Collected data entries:
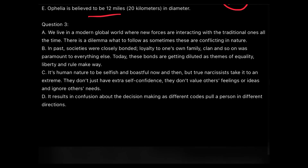Question three: Sentence A says: 'We live in the modern global world where new forces are interacting with traditional ones all the time; there is a dilemma — what to follow, as sometimes these are conflicting in nature.' Sentence B says: 'In past societies, people were closely bonded; loyalty to one's own family, clan, and so on was paramount. Today these bonds are getting diluted as the themes of equality, liberty, and rule make way.' From the first two sentences, we can observe that the paragraph is comparing modern societies with those of the past.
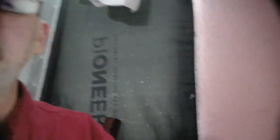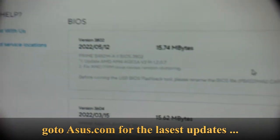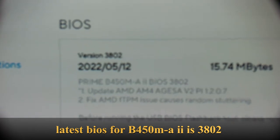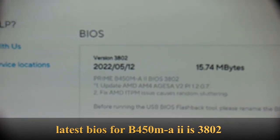I went further and updated to the latest BIOS for this motherboard — the B450M-A II. The specific latest version is 3802. If you're wondering what it is, go to the Asus website. The latest BIOS is version 3802, dated 12-5-2022.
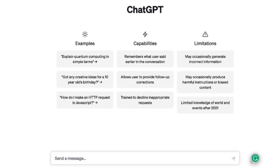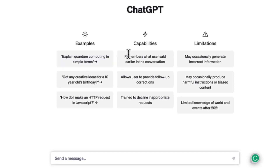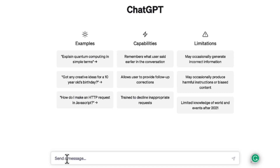I've logged in to ChatGPT, and basically there are examples here you can see — for example, 'Explain quantum computing in simple terms.' Here are some capabilities: it remembers what users said earlier in the conversation. And you can see some limitations. So I'm going to type in an article on what would be a good April marketing tip for real estate agents to remember.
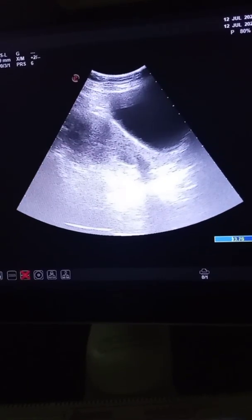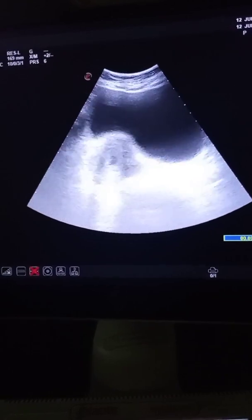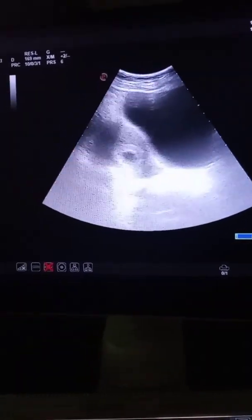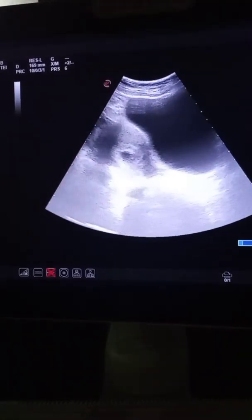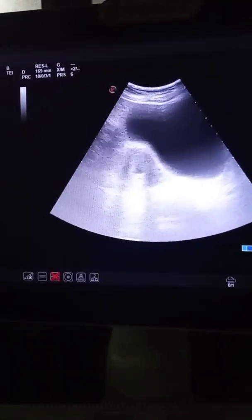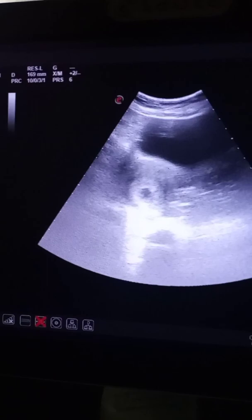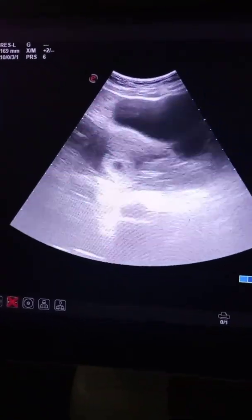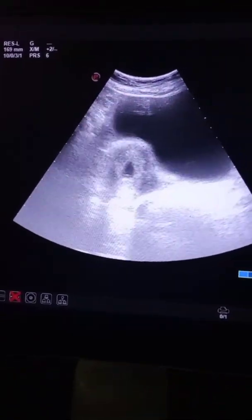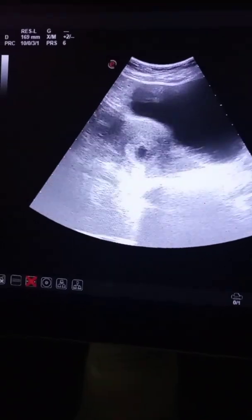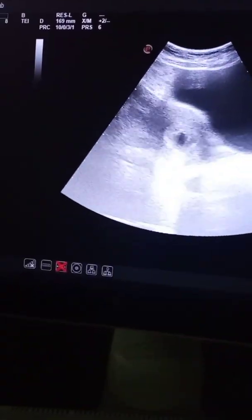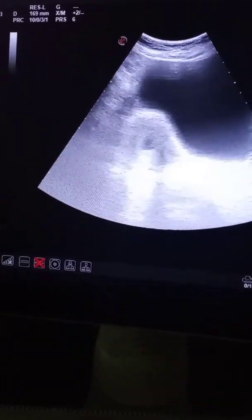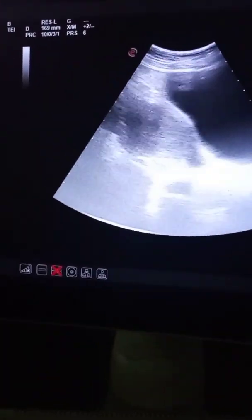Hello and welcome to another interesting video of my YouTube channel. This patient presented to me with lower abdominal pain and pervaginal bleeding for the past two days. Ultrasound shows a retroverted uterus, and there is a gestational sac of 15mm in the lower uterine segment without any fetal pole or yolk sac.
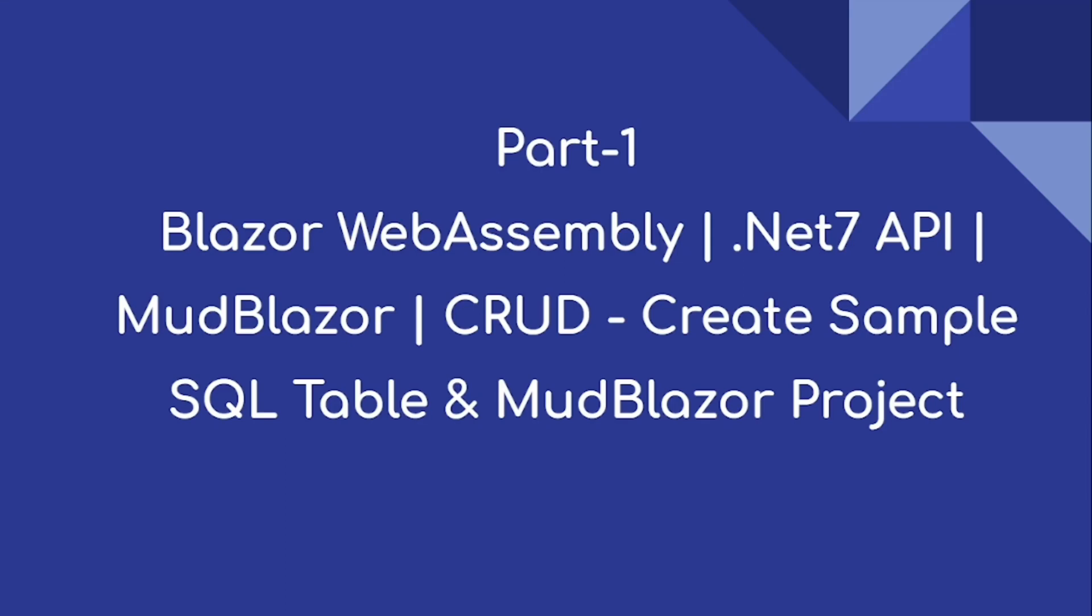Hi everyone, welcome to our channel. Today's video is on Blazor web assembly with .NET 7 API as a backend and using MudBlazor UI components. We're going to completely create a sample application.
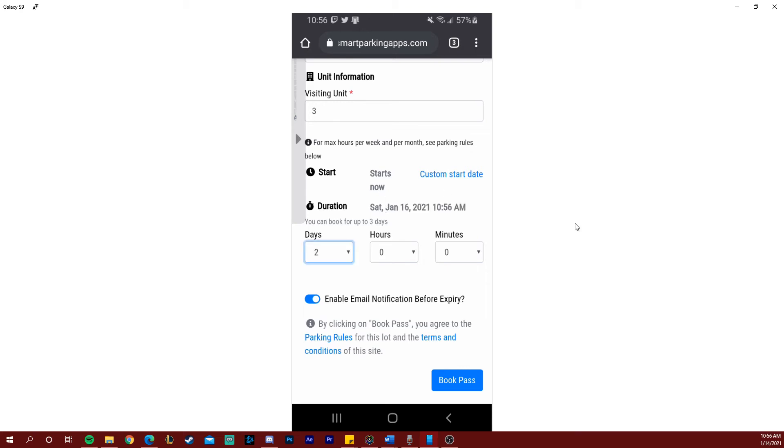Once you've selected the duration of your pass choose whether you want to enable email notifications before expiry. This means that 15 minutes before the expiration of your pass you'll receive an email with options to extend your duration.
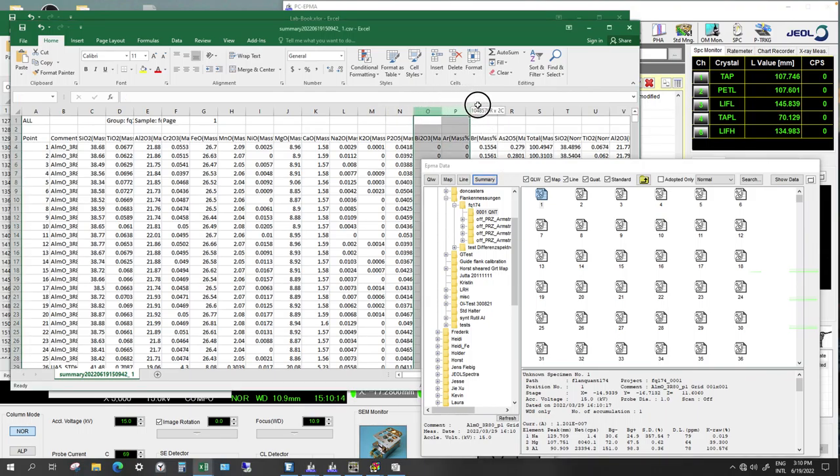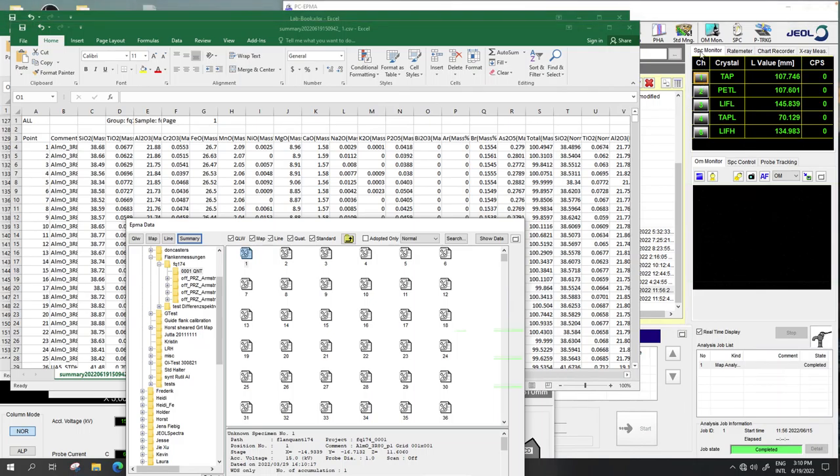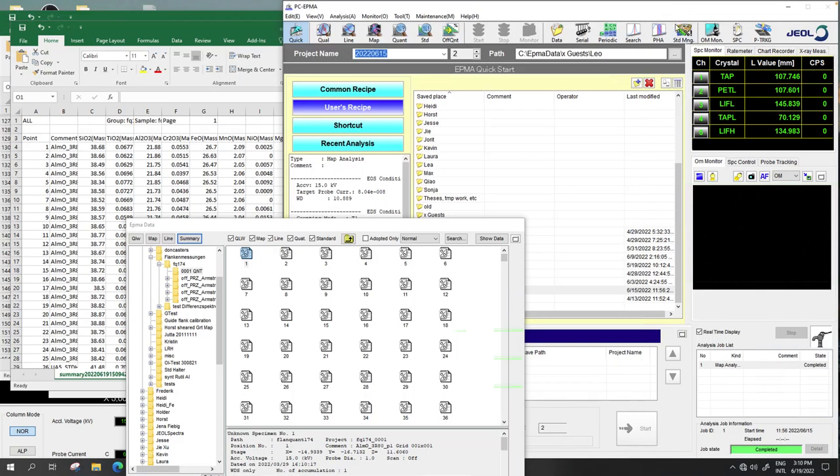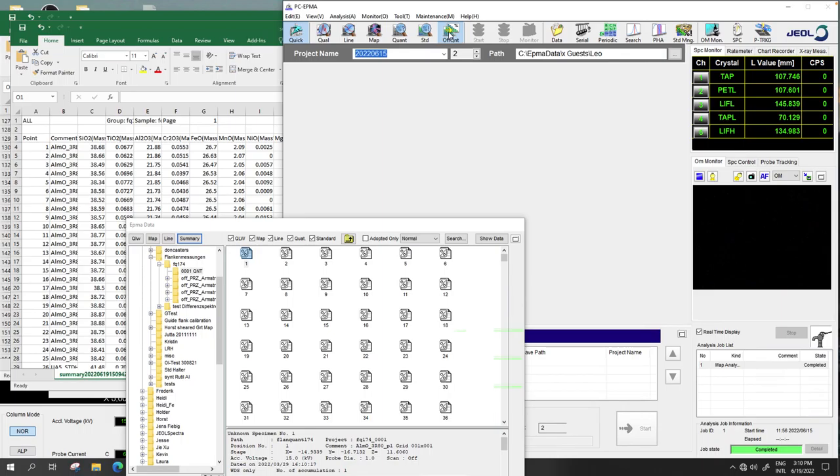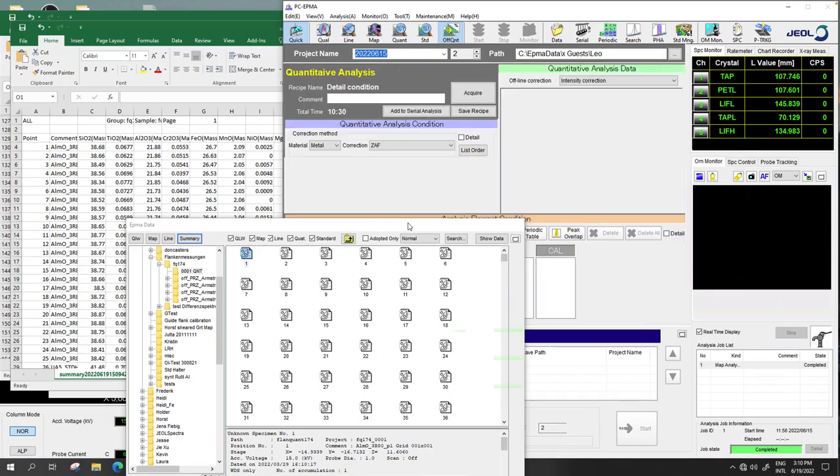Because for the element concentrations we want to make an offline correction in which we delete these fake elements here. So I will show how we are doing this. We are going to offline correction here.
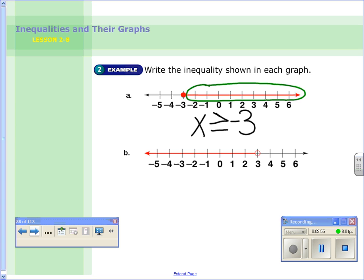Looking at part b — again, choose a variable. I'm going to choose a, and the circle is at 3. Now, is the graph showing that a is greater than 3, or numbers less than 3? Looking at it, we're showing numbers that are less. So a is less than 3. And it's an open circle, so it's just a is less than 3.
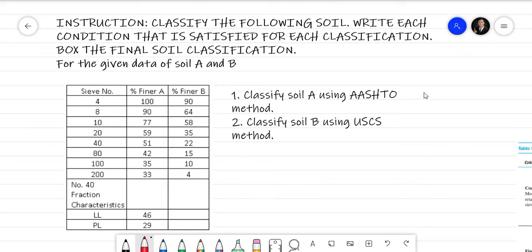For the problem we're going to solve in this video, this is about classification of soil using the soil classification systems that we have, which is AASHTO and USCS. We're going to classify the following soil — we have Soil A and Soil B — and we're going to write each condition that is satisfied for each classification.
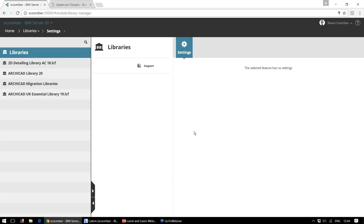We can also control the libraries on this BIM server. This ensures that everybody who's working on the project has the same libraries loaded at the same time, so everybody's seeing the same thing.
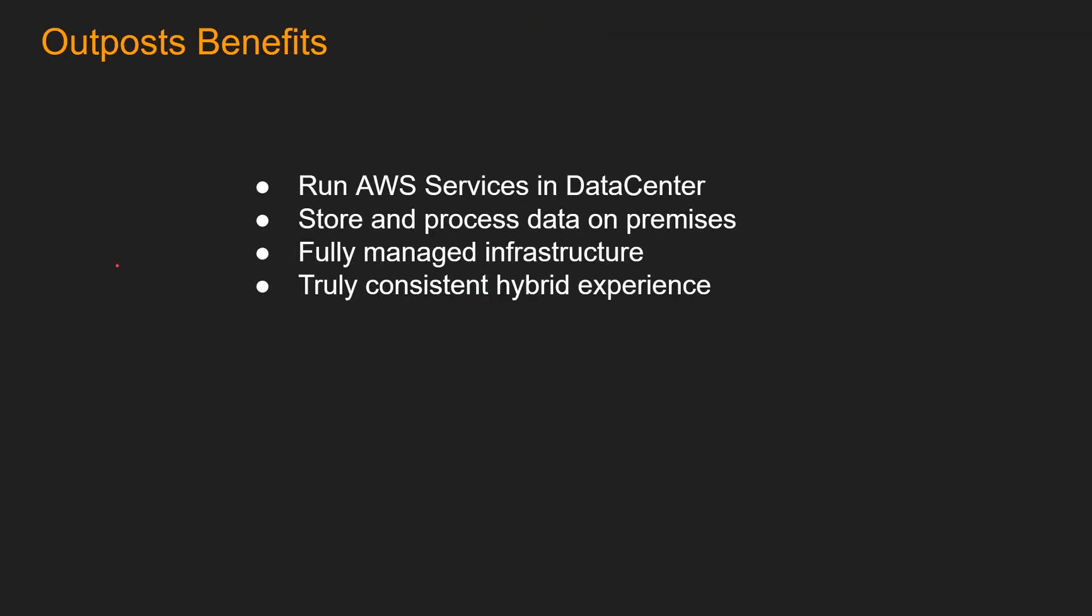What are some of the benefits of Outpost? Number one, run AWS services in data center, which is incredible. As we saw, AWS Outpost supports EC2, EBS, Kubernetes running on EKS, database, RDS, and some more.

WORK REQUEST – Print the data exactly, from its first line to the line containing "I went further", both included. Omit the pictures.

FINAL ANSWER –
Question three: Sentence A says: 'We live in the modern global world where new forces are interacting with traditional ones all the time; there is a dilemma — what to follow, as sometimes these are conflicting in nature.' Sentence B says: 'In past societies, people were closely bonded; loyalty to one's own family, clan, and so on was paramount. Today these bonds are getting diluted as the themes of equality, liberty, and rule make way.' From the first two sentences, we can observe that the paragraph is comparing modern societies with those of the past.
I went further and updated to the latest BIOS for this motherboard — the B450M-A II. The specific latest version is 3802. If you're wondering what it is, go to the Asus website. The latest BIOS is version 3802, dated 12-5-2022.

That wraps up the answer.